◆ Task brief
Print exactly what appears from the line containing "Schwarze Katzen im" through the final line of the data below, pictures excluded.

Caption-style text data:
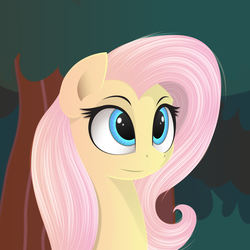 Size: 2000x2000 | Tagged: safe, artist:ivacatherianoid, fluttershy, pegasus, pony, g4, bust, female, forest, high res, mare, portrait, smiling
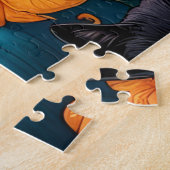 Schwarze Katzen im Kürbispflaster - Halloween Puzzle (Seite)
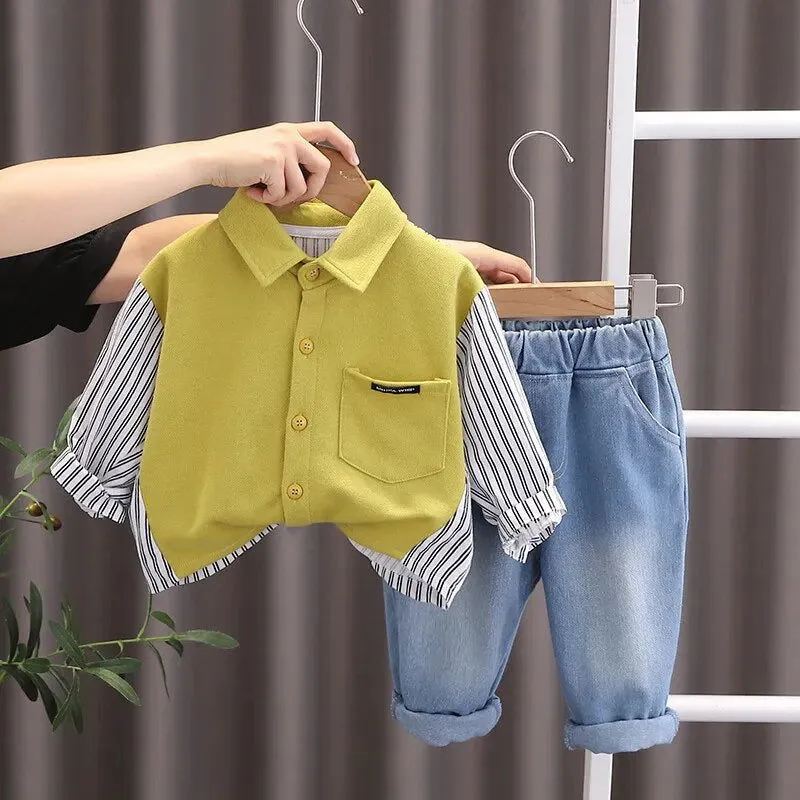 Boys Stripe Long Sleeve Shirt and Denim Jeans Outfits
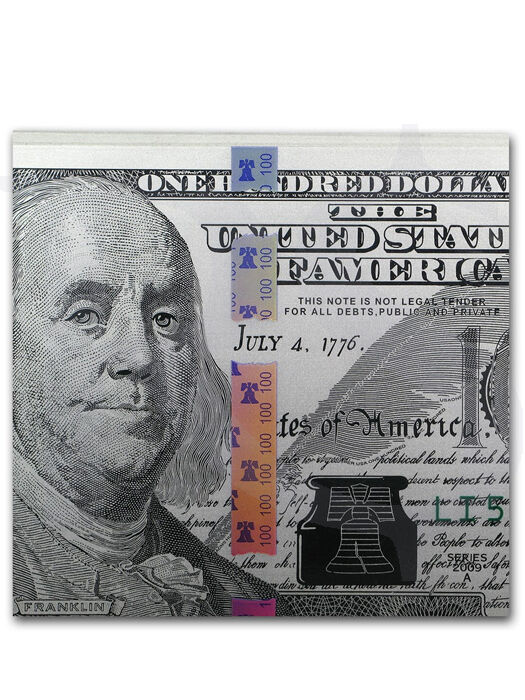 Benjamin Franklin 999 Silver Note 5 gram $100 Replica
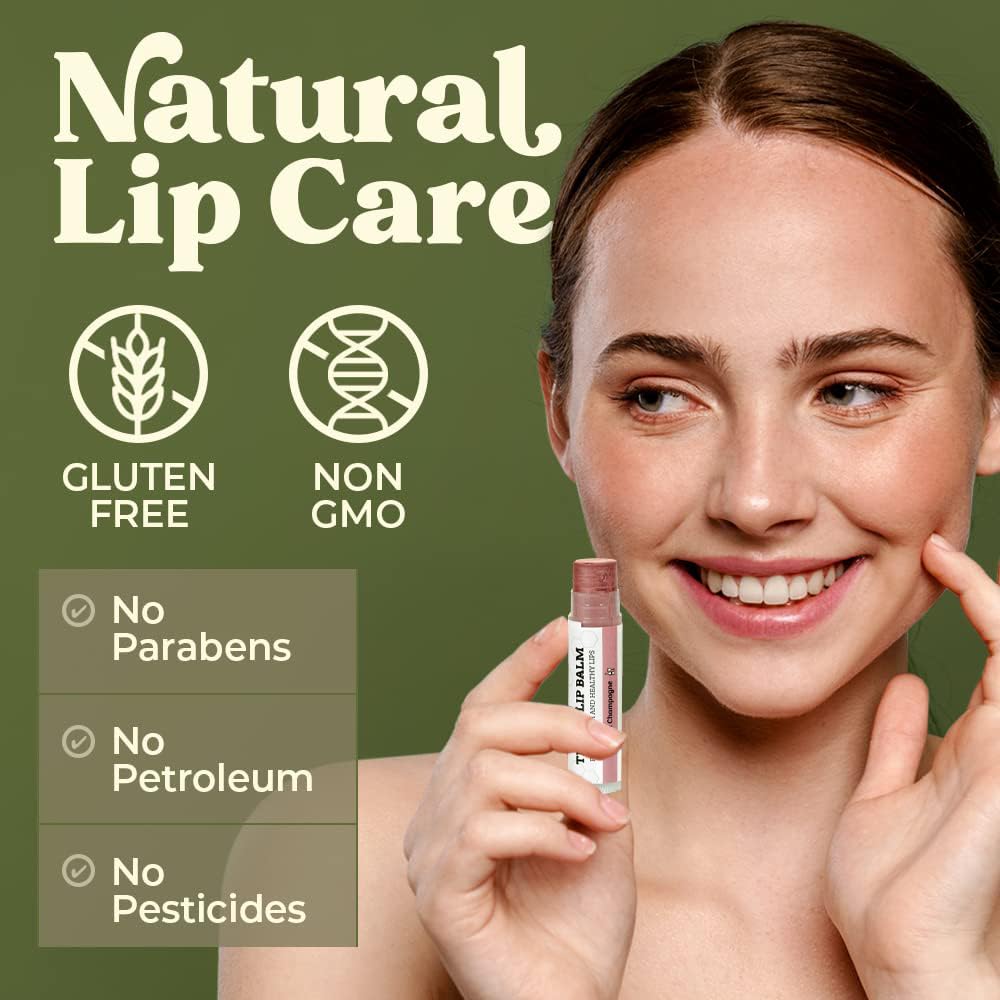 Earth's Daughter USDA Organic Lip Balm 6-Pack - Fruit Flavors, Beeswax, Coconut Oil, Vitamin E - Best Lip Repair Chapstick for Dry Cracked Lips - Moisturizing Lip Care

◆ Written solution
 Schwarze Katzen im Kürbispflaster - Halloween Puzzle (Seite)
 Boys Stripe Long Sleeve Shirt and Denim Jeans Outfits
 Benjamin Franklin 999 Silver Note 5 gram $100 Replica
 Earth's Daughter USDA Organic Lip Balm 6-Pack - Fruit Flavors, Beeswax, Coconut Oil, Vitamin E - Best Lip Repair Chapstick for Dry Cracked Lips - Moisturizing Lip Care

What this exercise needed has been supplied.